Thought experiment: why didn’t any major ad tech company announce any harmful affects of the 99 section GDPR. But they did announce billions in revenues shortfall (ie Meta) when Apple made tracking opt in by one three line dialog box?




> We can all see the results of it. It made the web experience worse for everyone

This bullshit again. It wasn't the GDPT that made the web worse. This is is entirely on the companies who took a look at GDPR and said: no, we're going to ignore it, continue siphoning user data, and trick users into "consent" through dark patterns (actually illegal under GDPR).

> Thought experiment: why didn’t any major ad tech company announce any harmful affects of the 99 section GDPR. But they did announce billions in revenues shortfall (ie Meta) when Apple made tracking opt in by one three line dialog box?

Funny how you don't conduct a thought experiment on why cookie pop-ups exist and what GDPR has to say about this.


It’s amazing that the excuse for the web being worse is always “the web being worse is not caused by the law being bad. It’s caused by it being badly enforced”.

The fact is that the cookie pop ups would never be necessary if the GDPR hadn’t been passed.

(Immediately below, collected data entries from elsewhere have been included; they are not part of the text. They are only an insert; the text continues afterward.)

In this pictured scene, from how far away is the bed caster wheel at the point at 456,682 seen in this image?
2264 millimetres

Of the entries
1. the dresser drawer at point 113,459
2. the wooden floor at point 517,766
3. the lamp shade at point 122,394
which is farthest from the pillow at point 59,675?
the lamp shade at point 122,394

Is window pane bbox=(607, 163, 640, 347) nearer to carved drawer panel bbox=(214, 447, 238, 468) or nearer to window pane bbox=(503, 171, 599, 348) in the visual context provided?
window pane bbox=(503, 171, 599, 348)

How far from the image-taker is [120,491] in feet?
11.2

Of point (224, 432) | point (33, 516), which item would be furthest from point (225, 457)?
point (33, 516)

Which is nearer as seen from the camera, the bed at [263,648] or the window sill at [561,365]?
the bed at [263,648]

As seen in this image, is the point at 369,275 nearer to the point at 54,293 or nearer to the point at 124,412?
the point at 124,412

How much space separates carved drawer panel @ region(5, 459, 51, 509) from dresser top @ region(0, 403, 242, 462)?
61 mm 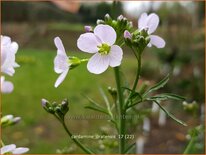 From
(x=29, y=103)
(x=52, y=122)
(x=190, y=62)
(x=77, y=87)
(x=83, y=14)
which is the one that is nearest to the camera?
(x=52, y=122)

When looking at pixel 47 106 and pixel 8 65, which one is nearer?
pixel 8 65

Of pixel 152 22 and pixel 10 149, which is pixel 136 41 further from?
pixel 10 149

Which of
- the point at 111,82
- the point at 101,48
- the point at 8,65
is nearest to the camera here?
the point at 8,65

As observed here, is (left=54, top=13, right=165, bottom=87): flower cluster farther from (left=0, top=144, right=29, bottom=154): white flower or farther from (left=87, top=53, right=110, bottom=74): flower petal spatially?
(left=0, top=144, right=29, bottom=154): white flower

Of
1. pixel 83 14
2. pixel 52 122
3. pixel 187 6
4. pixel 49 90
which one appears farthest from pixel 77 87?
pixel 83 14

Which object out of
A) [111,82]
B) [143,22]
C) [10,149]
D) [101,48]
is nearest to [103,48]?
[101,48]

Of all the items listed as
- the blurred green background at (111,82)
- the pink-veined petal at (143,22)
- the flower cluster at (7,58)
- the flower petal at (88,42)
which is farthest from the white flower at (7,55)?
the blurred green background at (111,82)

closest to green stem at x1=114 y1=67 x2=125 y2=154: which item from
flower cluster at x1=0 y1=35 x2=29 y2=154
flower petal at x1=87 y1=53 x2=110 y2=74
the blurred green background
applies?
flower petal at x1=87 y1=53 x2=110 y2=74

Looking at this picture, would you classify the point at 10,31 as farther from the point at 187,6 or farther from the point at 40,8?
the point at 187,6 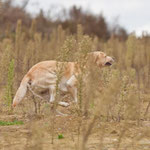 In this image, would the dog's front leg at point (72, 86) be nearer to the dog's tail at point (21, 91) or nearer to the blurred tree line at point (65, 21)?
the dog's tail at point (21, 91)

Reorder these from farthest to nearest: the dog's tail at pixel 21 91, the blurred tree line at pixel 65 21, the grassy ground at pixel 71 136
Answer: the blurred tree line at pixel 65 21, the dog's tail at pixel 21 91, the grassy ground at pixel 71 136

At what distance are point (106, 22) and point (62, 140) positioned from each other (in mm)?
25051

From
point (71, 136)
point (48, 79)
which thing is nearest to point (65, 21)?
point (48, 79)

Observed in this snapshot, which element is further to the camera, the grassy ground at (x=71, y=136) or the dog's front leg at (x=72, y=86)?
the dog's front leg at (x=72, y=86)

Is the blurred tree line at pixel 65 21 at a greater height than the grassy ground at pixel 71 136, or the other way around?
the blurred tree line at pixel 65 21

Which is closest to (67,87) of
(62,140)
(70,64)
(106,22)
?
(70,64)

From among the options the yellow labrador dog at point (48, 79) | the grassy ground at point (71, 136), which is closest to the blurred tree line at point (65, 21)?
the yellow labrador dog at point (48, 79)

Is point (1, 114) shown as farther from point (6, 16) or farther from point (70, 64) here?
point (6, 16)

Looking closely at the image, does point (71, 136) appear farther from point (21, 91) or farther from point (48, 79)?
point (48, 79)

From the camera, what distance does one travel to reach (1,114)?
189 inches

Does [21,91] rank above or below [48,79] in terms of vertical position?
below

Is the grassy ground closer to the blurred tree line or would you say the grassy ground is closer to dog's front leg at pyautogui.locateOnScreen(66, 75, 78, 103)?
dog's front leg at pyautogui.locateOnScreen(66, 75, 78, 103)

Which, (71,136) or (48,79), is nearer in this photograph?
(71,136)

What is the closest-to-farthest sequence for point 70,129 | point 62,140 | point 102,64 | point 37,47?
point 62,140, point 70,129, point 102,64, point 37,47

> the web being worse is not caused by the law being bad. It’s caused by it being badly enforced

Because that's the truth

> The fact is that the cookie pop ups would never be necessary if the GDPR hadn’t been passed.

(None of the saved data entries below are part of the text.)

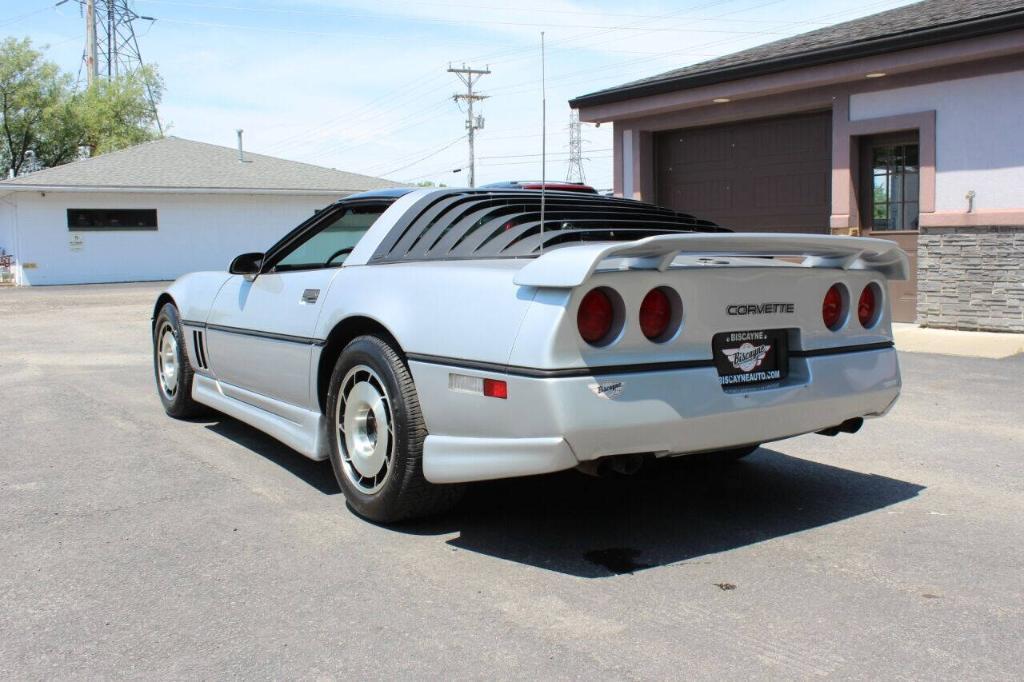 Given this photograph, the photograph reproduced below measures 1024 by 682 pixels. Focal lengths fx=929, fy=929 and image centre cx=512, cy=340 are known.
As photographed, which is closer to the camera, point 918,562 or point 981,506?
point 918,562

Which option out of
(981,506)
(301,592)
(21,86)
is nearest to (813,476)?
(981,506)

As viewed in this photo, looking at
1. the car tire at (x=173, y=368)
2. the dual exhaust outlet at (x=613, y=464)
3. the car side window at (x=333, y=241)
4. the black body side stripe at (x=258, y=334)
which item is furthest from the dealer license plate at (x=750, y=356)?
the car tire at (x=173, y=368)

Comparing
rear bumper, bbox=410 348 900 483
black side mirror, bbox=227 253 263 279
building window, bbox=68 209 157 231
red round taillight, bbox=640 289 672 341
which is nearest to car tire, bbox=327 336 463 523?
rear bumper, bbox=410 348 900 483

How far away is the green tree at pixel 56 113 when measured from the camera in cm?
4484

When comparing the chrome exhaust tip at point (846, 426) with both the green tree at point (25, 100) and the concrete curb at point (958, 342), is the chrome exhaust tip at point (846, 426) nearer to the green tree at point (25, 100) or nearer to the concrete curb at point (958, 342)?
the concrete curb at point (958, 342)

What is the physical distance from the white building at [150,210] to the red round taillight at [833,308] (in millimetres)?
29020

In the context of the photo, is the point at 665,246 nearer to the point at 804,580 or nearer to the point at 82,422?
the point at 804,580

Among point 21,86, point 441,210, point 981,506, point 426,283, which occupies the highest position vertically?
point 21,86

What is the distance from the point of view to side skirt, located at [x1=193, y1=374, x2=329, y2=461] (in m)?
4.46

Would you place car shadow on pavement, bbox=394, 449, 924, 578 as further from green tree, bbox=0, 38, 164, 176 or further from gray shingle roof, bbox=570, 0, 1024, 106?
green tree, bbox=0, 38, 164, 176

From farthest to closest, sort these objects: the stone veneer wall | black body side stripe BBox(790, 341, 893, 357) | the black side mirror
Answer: the stone veneer wall
the black side mirror
black body side stripe BBox(790, 341, 893, 357)

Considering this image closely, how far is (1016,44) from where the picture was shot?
10.3m

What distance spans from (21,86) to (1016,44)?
151ft

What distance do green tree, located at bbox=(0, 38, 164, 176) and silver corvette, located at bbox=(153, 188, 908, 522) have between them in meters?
47.2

Show me exactly where GDPR mandates the use of cookie pop ups.

(Hint: GDPR mandates: "ask the user for consent if you collect more data than is strictly necessary, and the opt-out must be as simple as opt-in". Guess who decided they should continue siphoning all possible user data and trick users into giving this data with dark patterns)

(Another hint: AppStore rule on tracking was more effective precisely because Apple has the possibility to enforce it immediately. And still the greedy leeches like Facebook complained about the rule, not about their own practices)


> Because that's the truth

So the EU isn’t inept because they made a bad law. They are inept because they have no clue how to enforce it?

> GDPR mandates: "ask the user for consent if you collect more data than is strictly necessary, and the opt-out must be as simple as opt-in".

So the websites are asking the user - as the law dictates even if the buttons are the same size.

> AppStore rule on tracking was more effective precisely because Apple has the possibility to enforce it immediately.

So you’re cheering the government making a law that made the user experience worse that the government couldn’t enforce?


> So the EU isn’t inept because they made a bad law. They are inept because they have no clue how to enforce it?

The law isn't bad. The EU knows how to enforce it.

> So the websites are asking the user - as the law dictates even if the buttons are the same size.

No.

1. The sites are willingly breaking the law in the absiolute vast majority of the cases

2. The sites don't even have to ask any of this if they simply stopped siphoning user data

> So you’re cheering the government making a law that made the user experience worse that the government couldn’t enforce?

It wasn't the law that made the experience worse. Does the law require the sites to siphon and sell your data to the highest bidder? No. The law says: if you do that, you have to tell the users about that, and obtain their consent before doing that. It's the industry of greedy leeches which made the experience worse. And you've bought into this industry's reasoning that it's the law that makes them do this.